- Exercise materials -
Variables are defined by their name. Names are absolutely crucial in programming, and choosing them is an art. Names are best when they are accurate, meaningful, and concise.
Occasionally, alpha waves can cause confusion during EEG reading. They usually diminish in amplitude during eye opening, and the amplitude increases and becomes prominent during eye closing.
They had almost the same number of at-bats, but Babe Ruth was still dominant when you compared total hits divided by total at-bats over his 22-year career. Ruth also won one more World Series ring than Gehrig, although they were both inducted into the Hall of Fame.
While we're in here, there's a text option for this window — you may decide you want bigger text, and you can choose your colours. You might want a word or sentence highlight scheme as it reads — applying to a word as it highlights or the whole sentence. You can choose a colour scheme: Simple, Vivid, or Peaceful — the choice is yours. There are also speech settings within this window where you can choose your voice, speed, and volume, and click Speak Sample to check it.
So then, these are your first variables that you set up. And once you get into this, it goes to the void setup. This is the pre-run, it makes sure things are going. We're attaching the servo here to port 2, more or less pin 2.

--

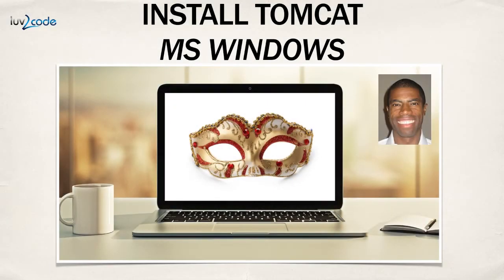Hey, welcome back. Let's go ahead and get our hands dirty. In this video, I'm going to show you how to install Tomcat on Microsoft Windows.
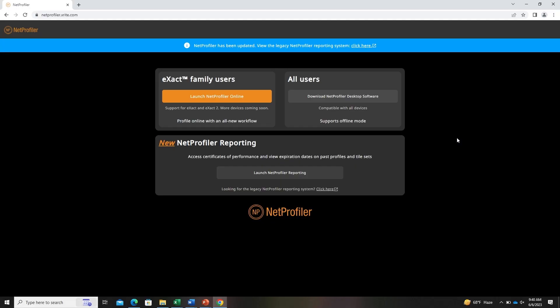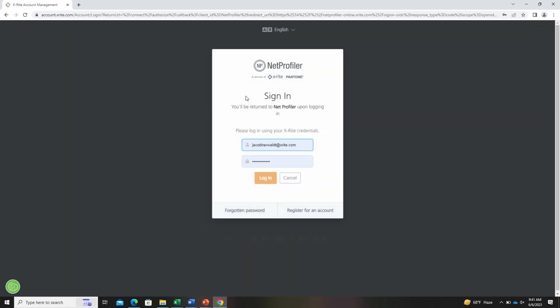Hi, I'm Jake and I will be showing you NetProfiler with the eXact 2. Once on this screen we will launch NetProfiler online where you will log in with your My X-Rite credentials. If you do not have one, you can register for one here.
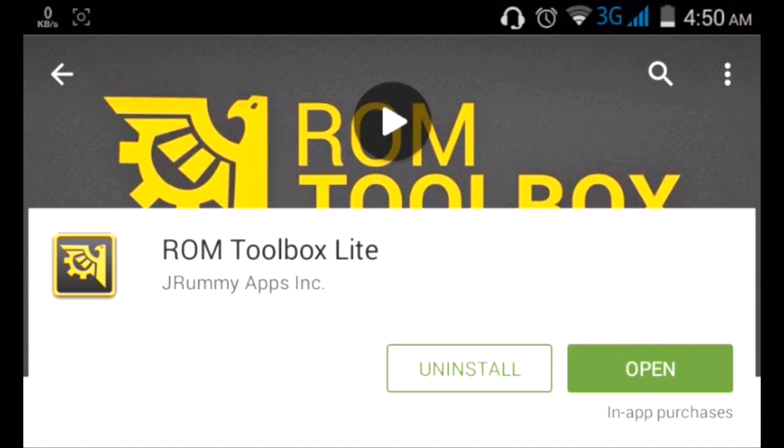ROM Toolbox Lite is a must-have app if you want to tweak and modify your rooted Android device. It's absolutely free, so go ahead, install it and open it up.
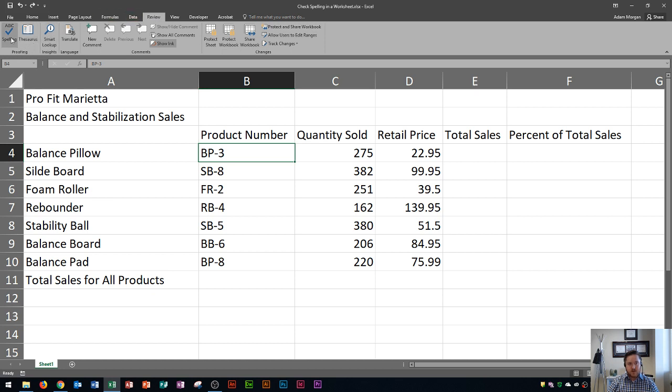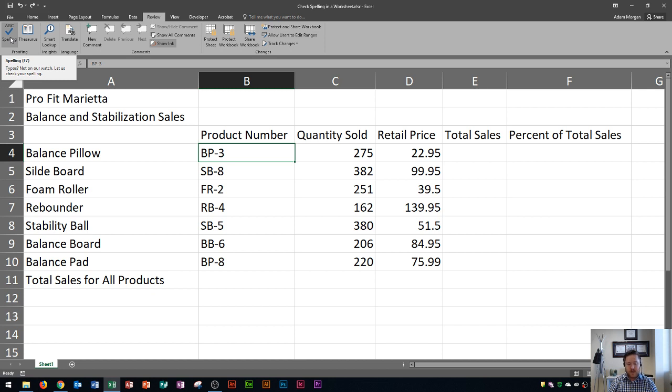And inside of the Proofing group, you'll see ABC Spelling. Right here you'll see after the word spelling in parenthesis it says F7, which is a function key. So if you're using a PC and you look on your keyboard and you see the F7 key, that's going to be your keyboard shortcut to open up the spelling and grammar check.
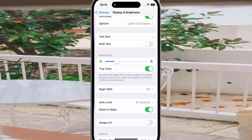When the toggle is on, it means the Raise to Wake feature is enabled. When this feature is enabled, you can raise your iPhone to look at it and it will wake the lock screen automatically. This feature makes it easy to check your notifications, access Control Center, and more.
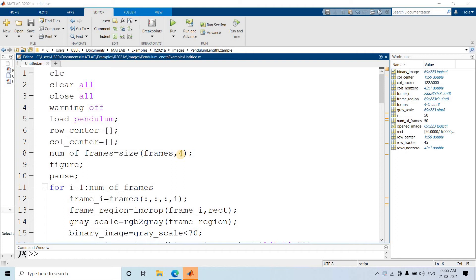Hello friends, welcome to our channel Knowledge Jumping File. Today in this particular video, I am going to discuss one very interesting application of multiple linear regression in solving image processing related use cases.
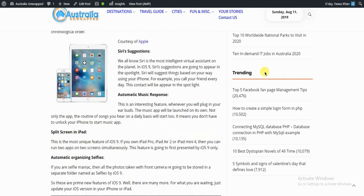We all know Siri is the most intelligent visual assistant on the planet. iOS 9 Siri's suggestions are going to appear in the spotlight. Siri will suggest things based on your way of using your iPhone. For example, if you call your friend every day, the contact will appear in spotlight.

--

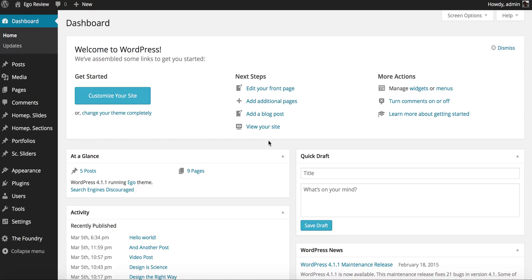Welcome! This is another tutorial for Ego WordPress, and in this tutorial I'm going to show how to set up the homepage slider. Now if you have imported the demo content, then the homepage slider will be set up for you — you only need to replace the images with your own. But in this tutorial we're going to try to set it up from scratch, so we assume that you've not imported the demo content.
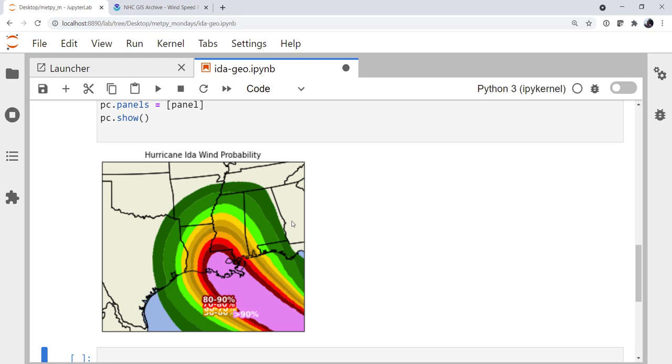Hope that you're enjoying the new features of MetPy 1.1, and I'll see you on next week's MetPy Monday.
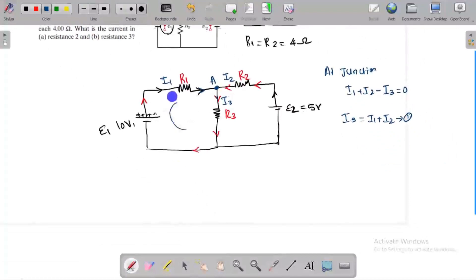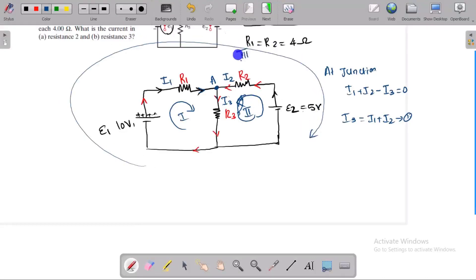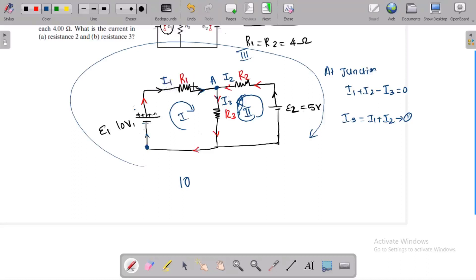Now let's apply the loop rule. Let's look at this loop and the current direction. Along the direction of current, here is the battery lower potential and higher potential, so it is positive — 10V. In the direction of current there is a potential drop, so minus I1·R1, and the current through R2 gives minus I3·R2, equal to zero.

- What is required -
Write out again exactly the lines above from the one with "Hope that you're" through the one with "Now let's apply", adding no other lines and no pictures.

- Answer to this problem -
Hope that you're enjoying the new features of MetPy 1.1, and I'll see you on next week's MetPy Monday.
Now let's apply the loop rule. Let's look at this loop and the current direction. Along the direction of current, here is the battery lower potential and higher potential, so it is positive — 10V. In the direction of current there is a potential drop, so minus I1·R1, and the current through R2 gives minus I3·R2, equal to zero.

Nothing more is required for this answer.